メンテナンスは原価レビューと市場調査の2軸で進めます。原価レビューは、人件費・外注費・システム利用料などの固定費を四半期ごとに確認し、利益率の変動を追います。競合価格調査は半期に1回程度のペースで、同業他社の公開料金、求人サイトの報酬データ、業界団体の指針を収集します。あわせて顧客アンケートで価格感度や競合提案の内容をヒアリングすると、改定判断の精度が上がります。

既存顧客への改定アナウンス設計

価格改定を既存顧客に通知する際は、タイミングと経過措置の設計が成否を分けます。告知は改定の3〜6か月前が一般的で、契約更新月に合わせて新価格を適用する運用がスムーズです。経過措置として、既存顧客には旧価格を6か月〜1年間据え置く猶予期間を設定すると、解約リスクを抑えられます。

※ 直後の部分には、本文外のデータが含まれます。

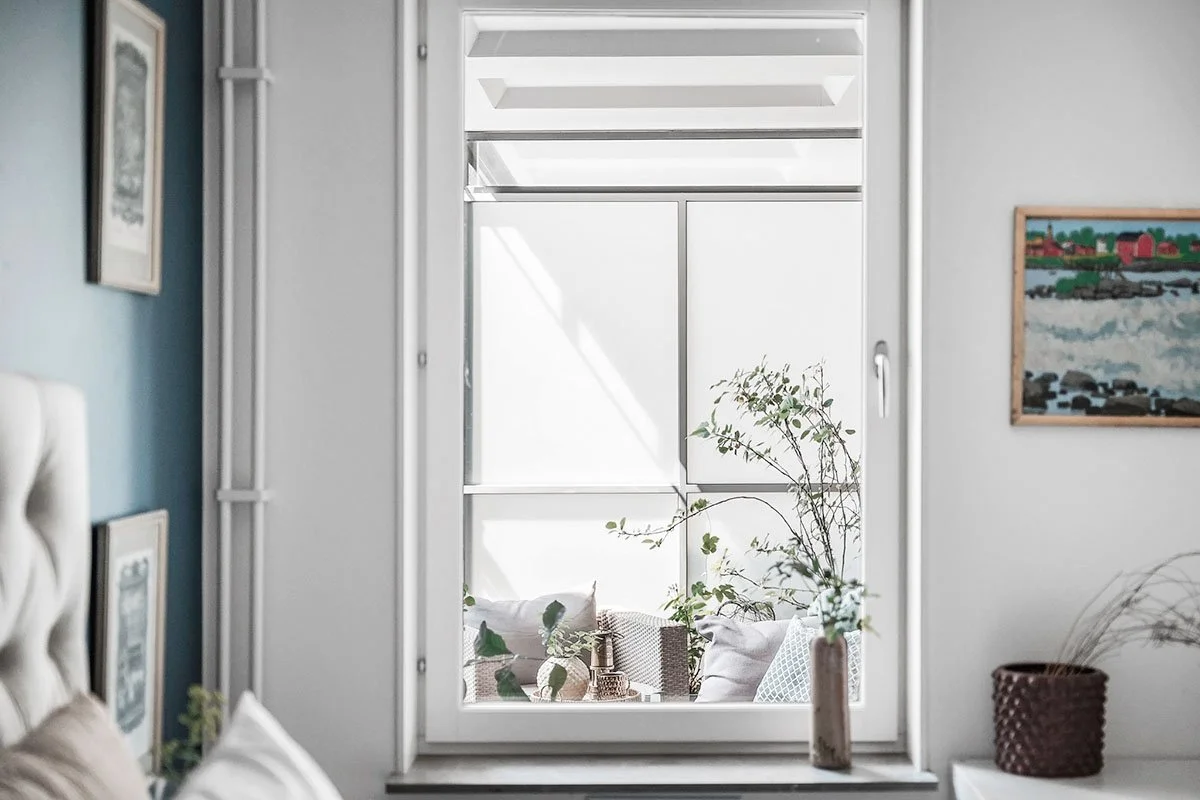 Homestyling Lidingö. Ljust sovrum med tavlor, fönster och blommor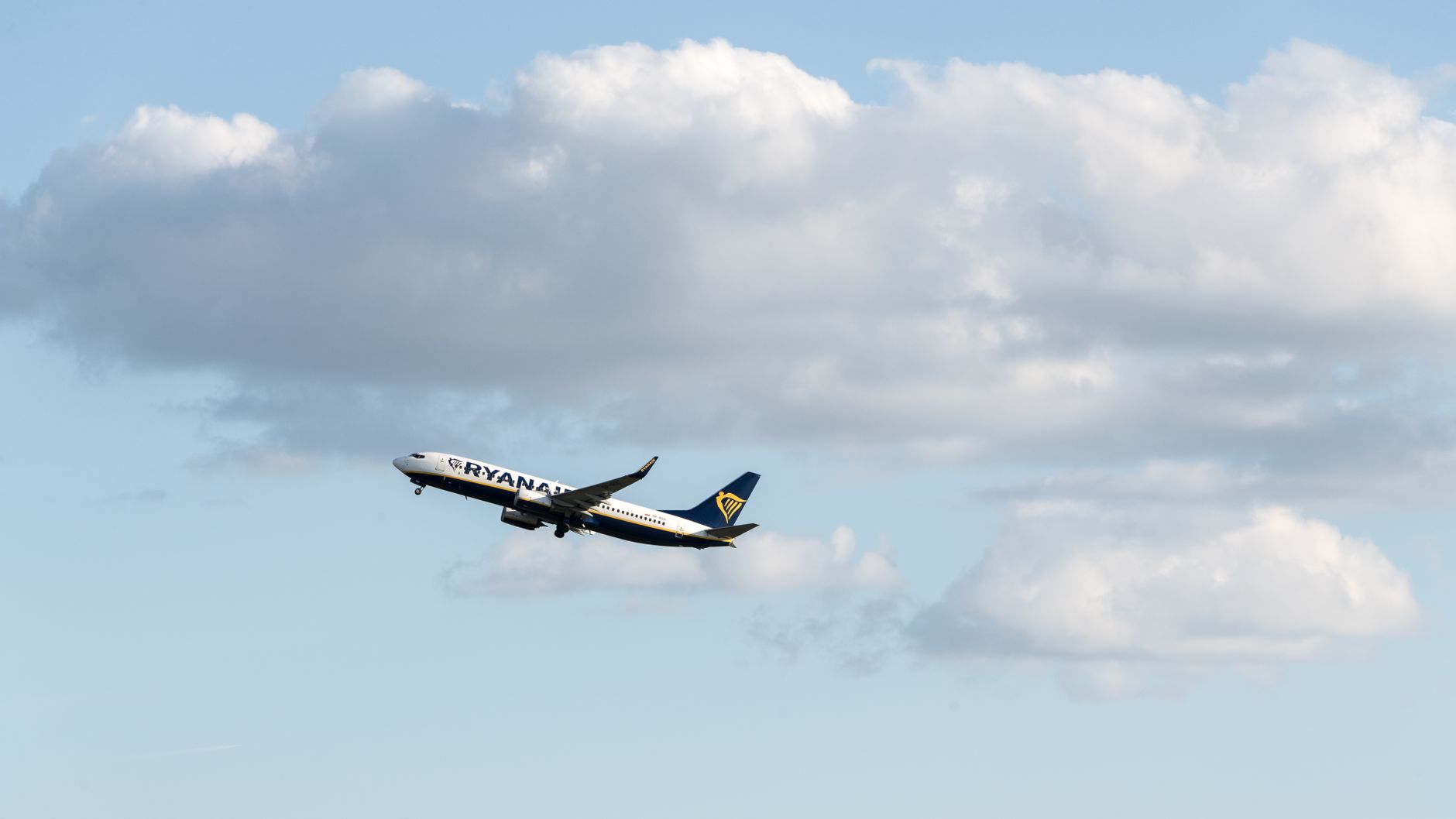 Ryanair airplane taking off into a clear blue sky with fluffy clouds in the backdrop. — Trójmiasto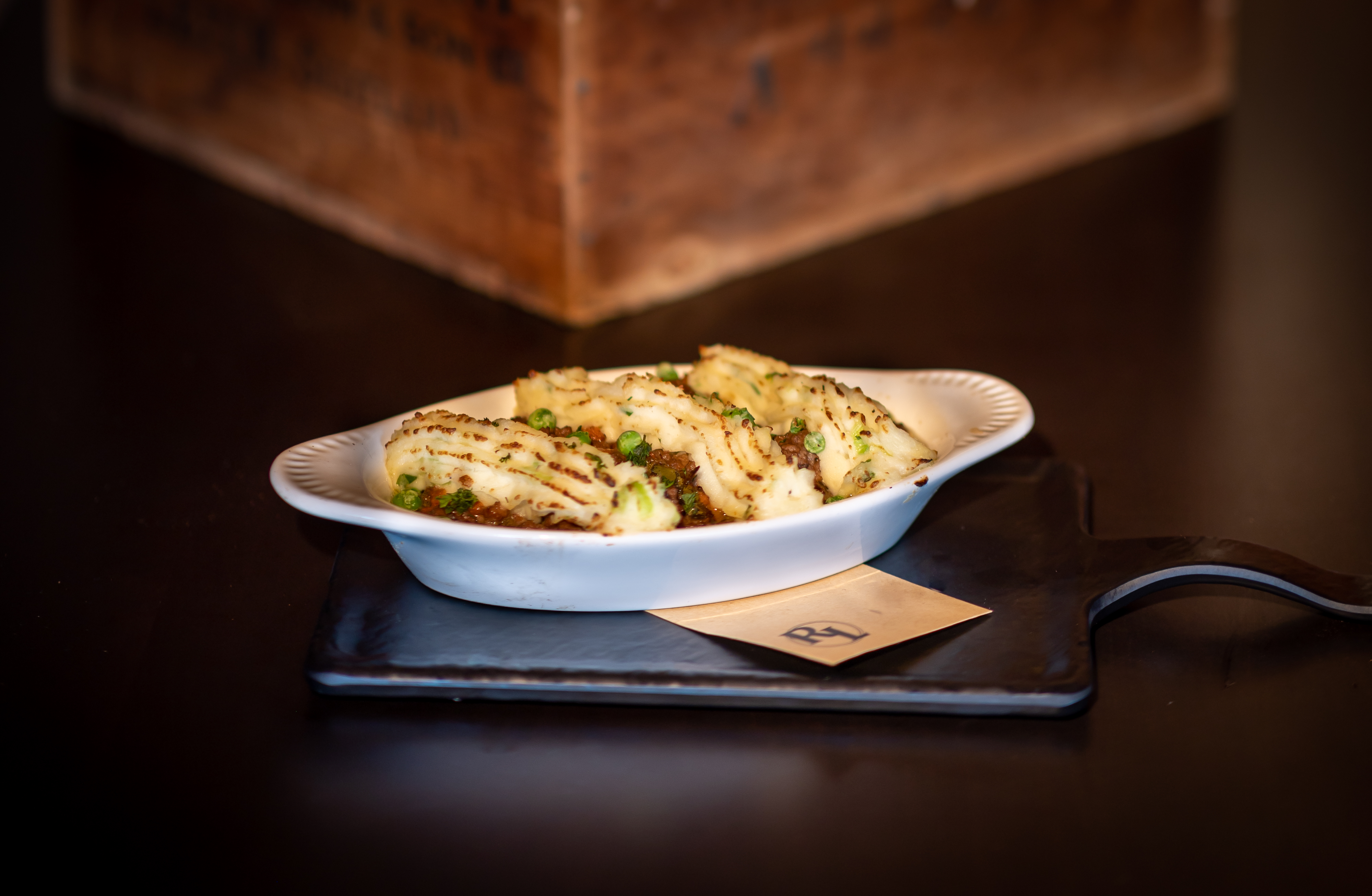 a bowl of food sitting on a table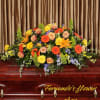 Bright orange and yellow casket spray with roses, gerbera daisies, and lilies on a wooden casket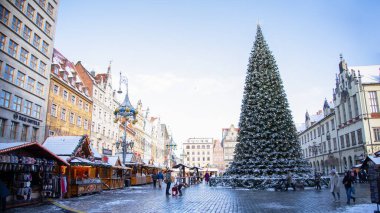Polonya 'nın Wroclaw kentindeki tarihi Pazar Meydanı' nda kış Noel pazarı, süslü ahşap tezgahlar, dev bir Noel ağacı, şenlikli atmosfer ve karla kaplı çatılar..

改定理由・新価格・適用タイミング・代替プランを明示したFAQも準備します。

営業・現場との合意形成

改定は社内の営業・現場との合意形成も欠かせません。社内説明資料では、改定の背景、原価上昇の根拠、競合動向、新価格での粗利改善見込みを定量的に示します。新価格での成約に営業報奨を上乗せするインセンティブ設計も有効です。顧客から想定される反論への回答を共有し、対応品質を揃えておきます。